§ Task directions: Beginning at the line containing "Indoor Roses, Miniature", repeat each line below exactly up to and including the line containing "DELORME © Xavier DELORME". Do not repeat the pictures.

Supplied data START

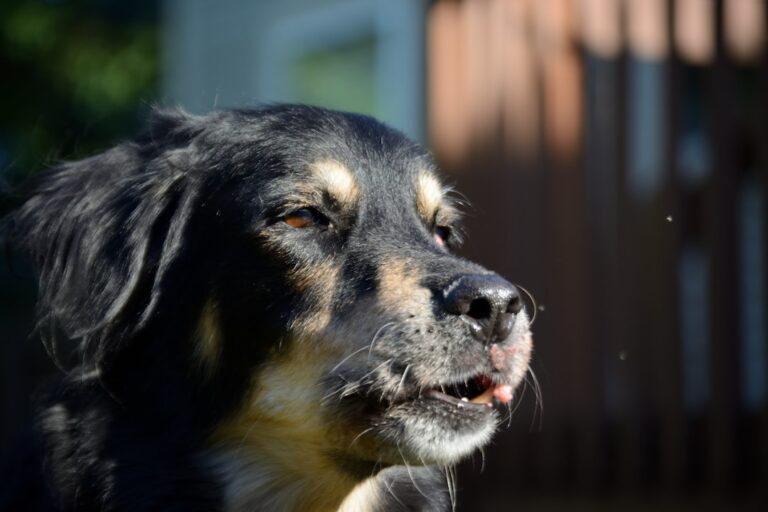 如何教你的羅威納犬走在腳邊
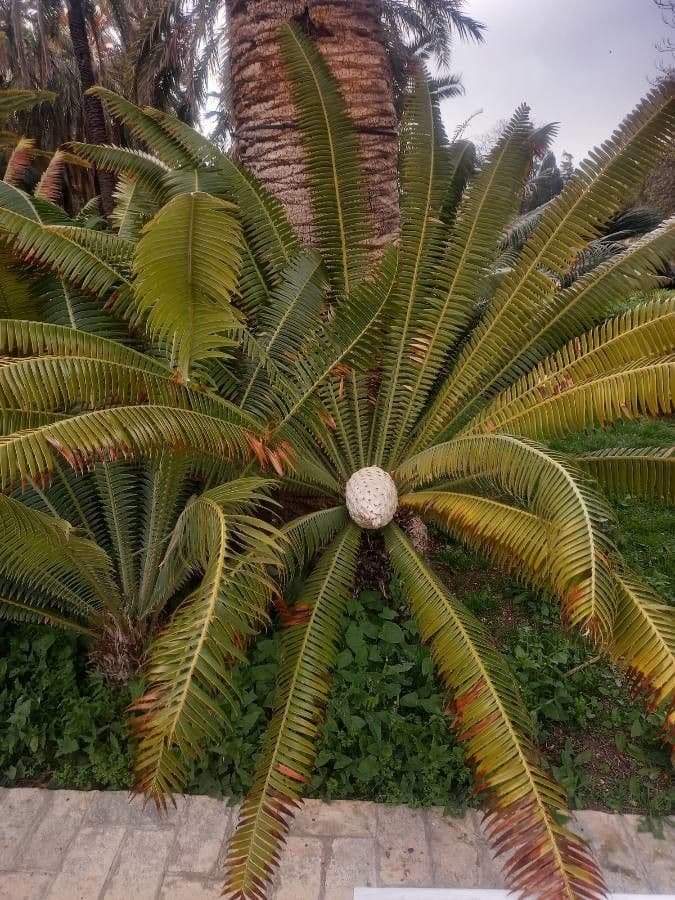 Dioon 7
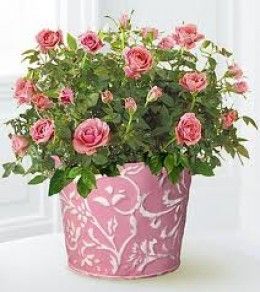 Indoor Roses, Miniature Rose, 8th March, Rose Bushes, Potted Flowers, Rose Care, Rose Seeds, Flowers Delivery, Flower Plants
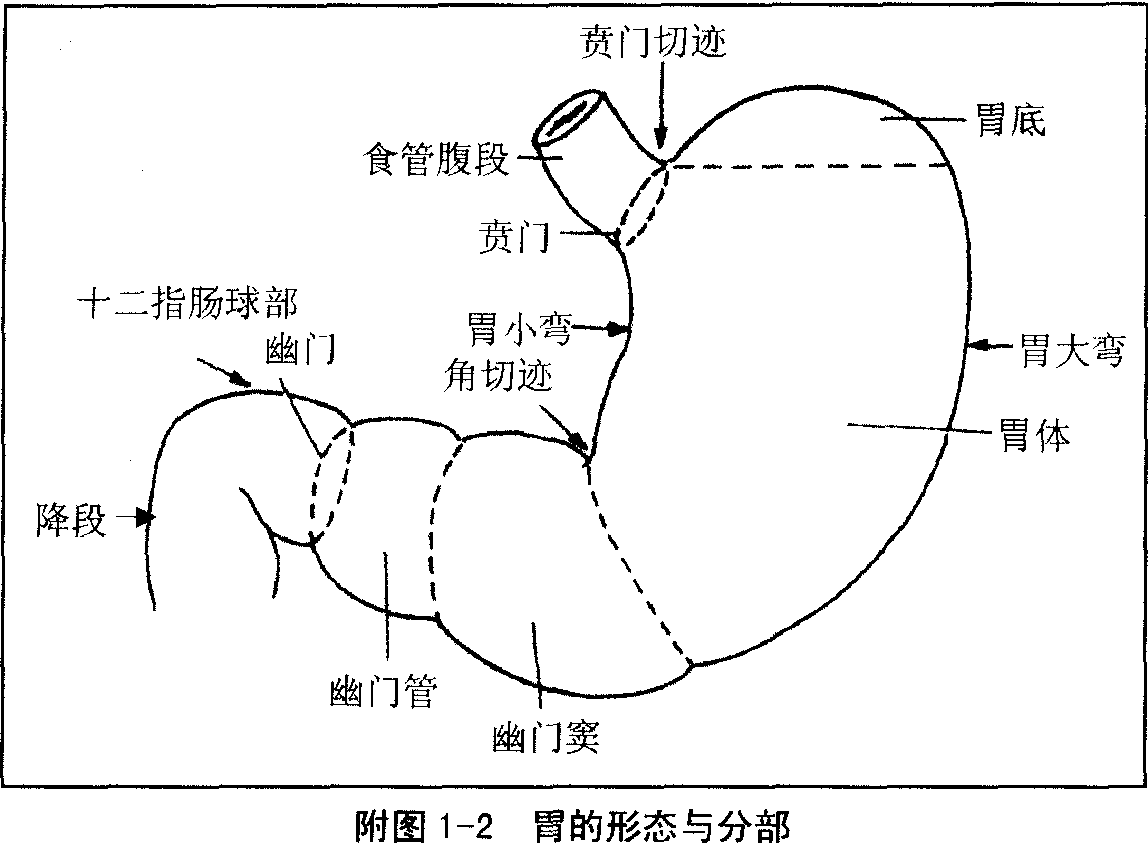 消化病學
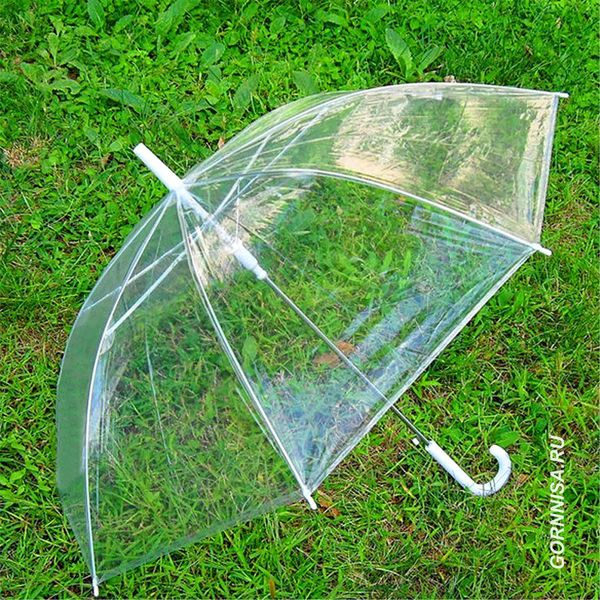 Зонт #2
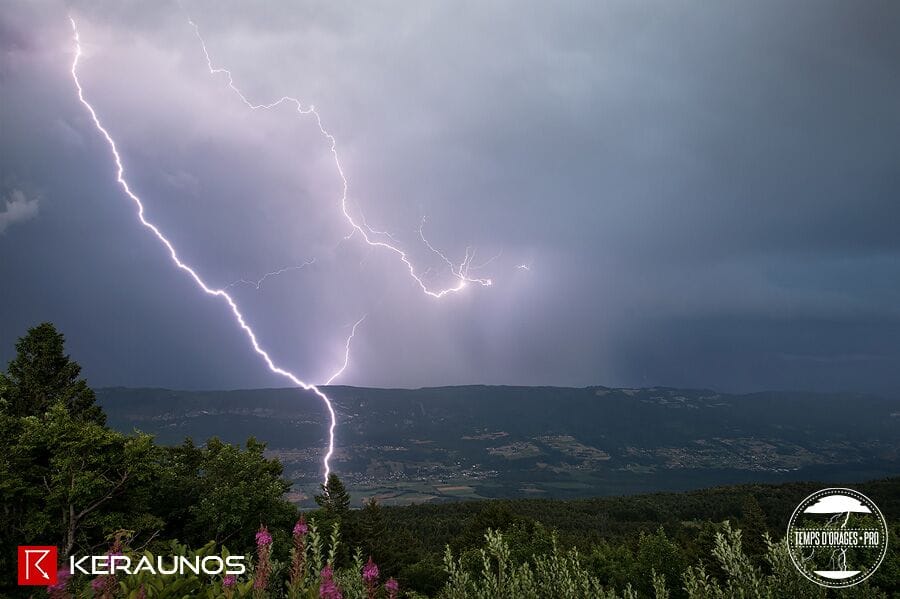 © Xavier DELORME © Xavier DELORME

Supplied data END
Supplied data START

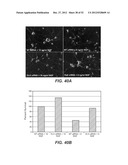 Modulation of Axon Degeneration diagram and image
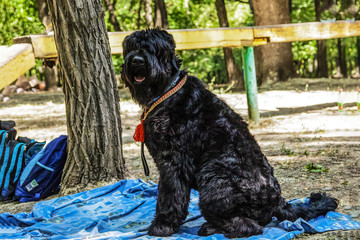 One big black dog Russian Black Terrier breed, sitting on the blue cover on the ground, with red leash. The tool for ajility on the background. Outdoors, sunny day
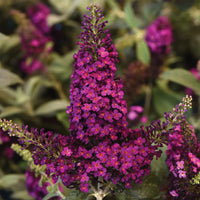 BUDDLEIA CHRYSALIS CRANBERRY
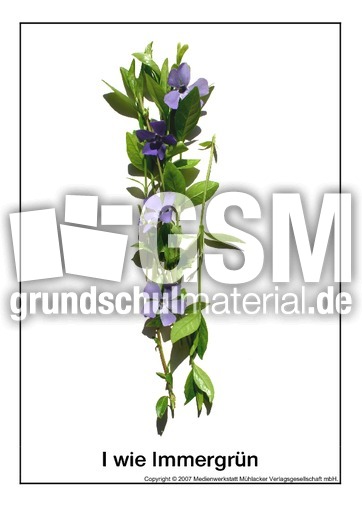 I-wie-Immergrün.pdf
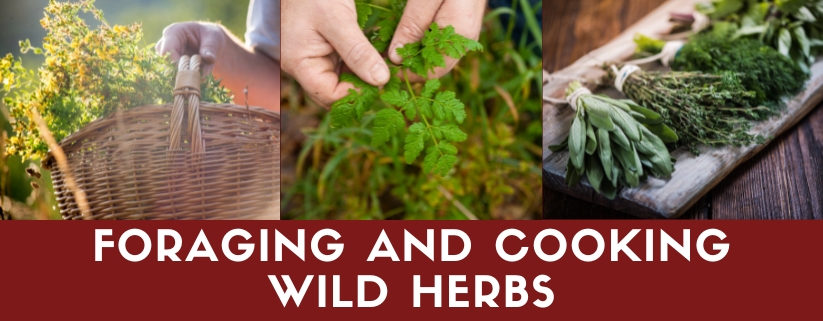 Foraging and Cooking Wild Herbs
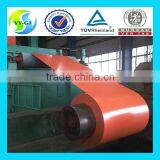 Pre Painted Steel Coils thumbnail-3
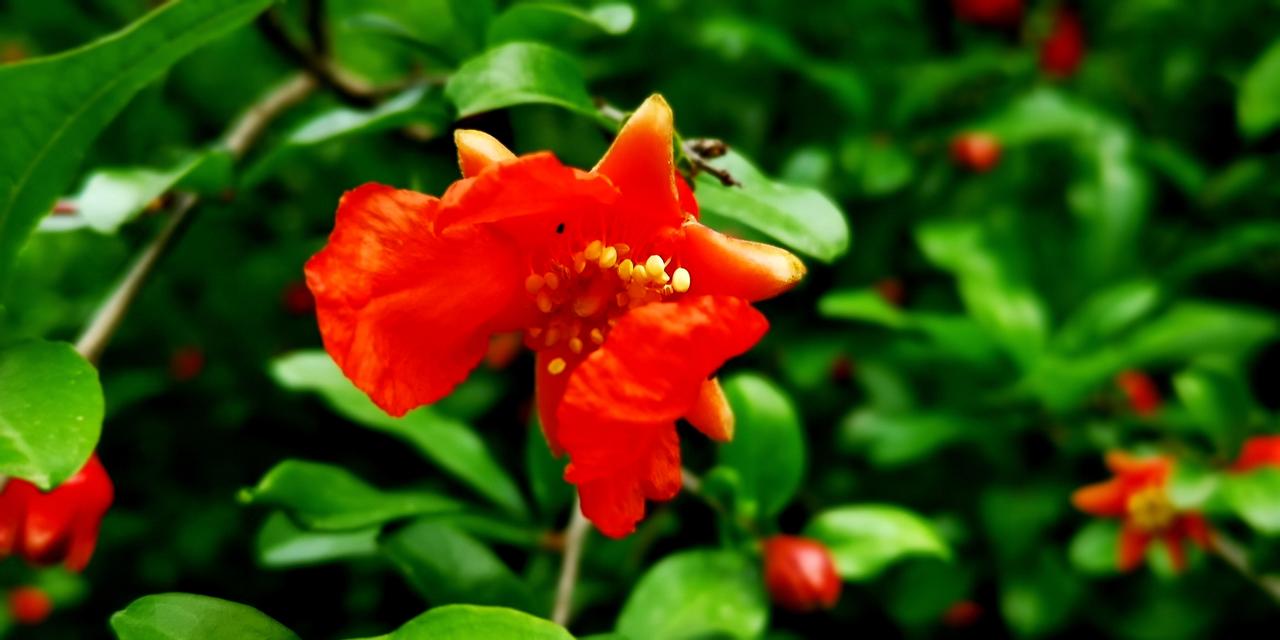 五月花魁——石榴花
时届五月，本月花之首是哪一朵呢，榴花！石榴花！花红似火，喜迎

Supplied data END

§ Exercise answer:
 Indoor Roses, Miniature Rose, 8th March, Rose Bushes, Potted Flowers, Rose Care, Rose Seeds, Flowers Delivery, Flower Plants
 消化病學
 Зонт #2
 © Xavier DELORME © Xavier DELORME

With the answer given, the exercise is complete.